Even if you train a few different ‘simple’ models with different data folds and hyper parameters you’ll probably find it quicker and a less energy hungry starting point. Of course if simple models don’t work, deep learning is a good option.

Pre-trained models and transfer learning

This could apply to both simple models (well kinda) and deep learning models.

It is well known by now that the best way to get near state of the art performance for classification tasks in NLP and computer vision is to take a pre-trained model like BERT or ResNet and “continue” training by updating the last few layers of the neural model with new weights.

Unless you’re a multi-national or a top tier research institute with lots of money and data to throw at training then trying to train one of these systems from scratch may be a waste of time and energy anyway (I said ‘may be,’ not ‘always’. If you’re working on new state-of-the-art models then I salute you! We should always strive to better ourselves!).
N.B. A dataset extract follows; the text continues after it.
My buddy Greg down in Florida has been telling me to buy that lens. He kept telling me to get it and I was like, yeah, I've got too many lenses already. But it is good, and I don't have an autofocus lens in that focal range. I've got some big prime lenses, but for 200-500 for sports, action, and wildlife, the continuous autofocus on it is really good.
You can also combine the KISS approach with pre-trained weights. You can achieve some really great text classification results by using pre-trained word embeddings like GloVe, word2vec or fastText with a linear classification model like SVM.

Scale down big data

If you’re developing a model and working with a massive dataset, you might consider training on a small but representational subset of the data. You’ll need to be very careful about this, especially if your dataset is not well balanced or has very rare features (in NLP this could be words that are important but only occur in a tiny proportion of documents). However, if you know that you’re likely to need to change the model 10 more times before you calculate your final performance metrics, it might (but won’t always) makes sense to train it on 10,000 samples instead of 100,000 samples.

If you’re building models that use a gradient descent or evolutionary training approach then you could also limit the number of epochs during development of your model.
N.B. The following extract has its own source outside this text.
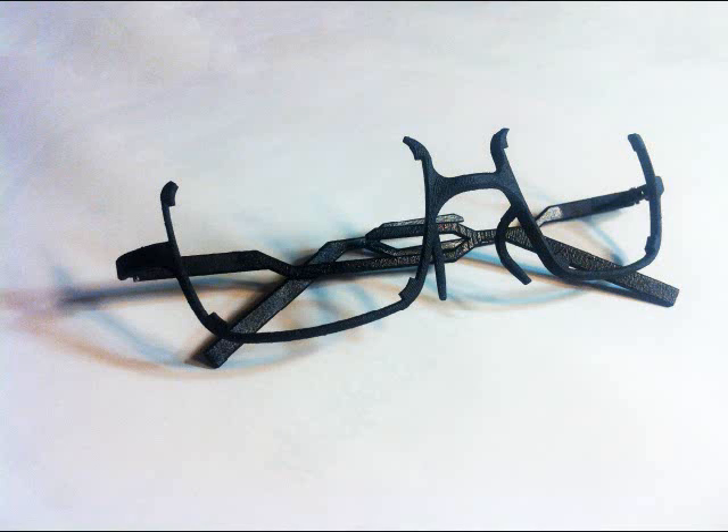Hello everyone. In this video I will introduce the 3D printed water strider eyeglass frames.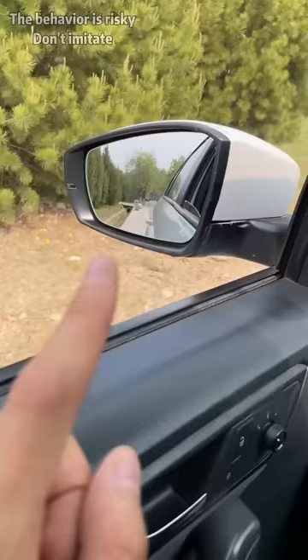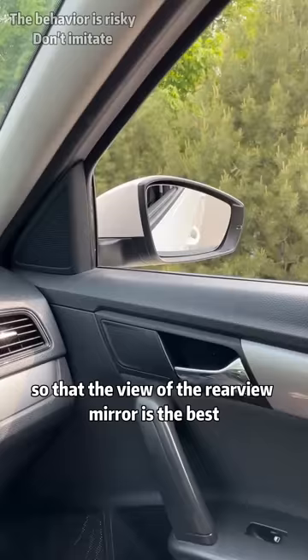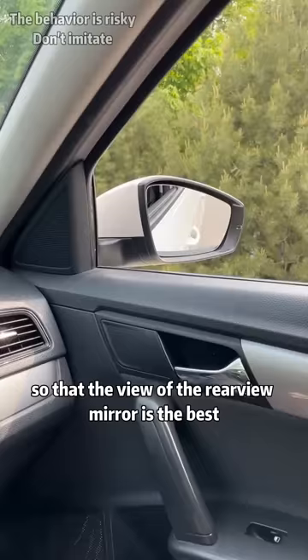I'll adjust the rear-view mirror for you. First of all, we all have door handles on our cars. Find the front door handle in the rear-view mirror and adjust it to the lower right corner of the rear-view mirror so that the view of the rear-view mirror is the best.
Give patronage to “green” hosting providers

Big companies are not always the most transparent so this suggestion could be trickier. That said, taking your money where the ethical hosting is could be a good way to reduce your model’s carbon footprint. Especially if you are one of the pioneers working on massive models that use a lot of electricity. Hardware is an important consideration too. GPUs have been a key tool in the evolution of deep learning over the last 10 years but it turns out that TPUs are better suited to deep learning and much less energy hungry with that.

Controversial Suggestion: Carbon Reporting in AI and ML Scientific Publications

This one’s probably going to be a divisive suggestion but what if we could get all the big ML academic conferences to require some basic calculation of energy usage with all new model architecture submissions? The idea is to introduce a race to the bottom for AI model power consumption. A model that uses 100x less electricity and achieves near state-of-the-art performance would be much more interesting than one that improves state-of-the-art performance by 0.1%

I’m well aware that this solution is far from perfect given cloud hosting transparency concerns (see above) and conference organisers would have to think carefully about how to set up peer reviews in a way that avoids always rewarding energy efficiency at the expense of model task performance.

I guess another approach could be an international conference for energy efficient machine learning systems. I’d be interested in whether there’s enough interest in such a conference from the academic community that I’d seriously consider organising such an event. Also if one already exists I’d be interested in participating.

If you’d like to discuss the above I’m on twitter @jamesravey

Conclusion

In closing, I’m really glad that Strubel et al have brought this issue to the forefront of our minds and that the work has picked up so much attention. Rather than panicking and downing our tools, I think it’s important that we remain optimistic about AI and the huge advantages that it can bring and that we try to be as considerate as possible of environmental factors whenever we develop new approaches.